WORK INSTRUCTIONS: Reproduce verbatim only the lines from the one containing "women's elevator shoes" through the last line below, both included.

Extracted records
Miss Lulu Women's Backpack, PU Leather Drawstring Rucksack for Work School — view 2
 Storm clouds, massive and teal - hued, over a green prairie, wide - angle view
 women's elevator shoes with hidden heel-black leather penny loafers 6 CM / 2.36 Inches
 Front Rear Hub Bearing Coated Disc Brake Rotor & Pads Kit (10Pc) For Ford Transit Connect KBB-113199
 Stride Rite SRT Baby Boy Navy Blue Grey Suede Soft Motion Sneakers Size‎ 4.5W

EXERCISE RESPONSE:
 women's elevator shoes with hidden heel-black leather penny loafers 6 CM / 2.36 Inches
 Front Rear Hub Bearing Coated Disc Brake Rotor & Pads Kit (10Pc) For Ford Transit Connect KBB-113199
 Stride Rite SRT Baby Boy Navy Blue Grey Suede Soft Motion Sneakers Size‎ 4.5W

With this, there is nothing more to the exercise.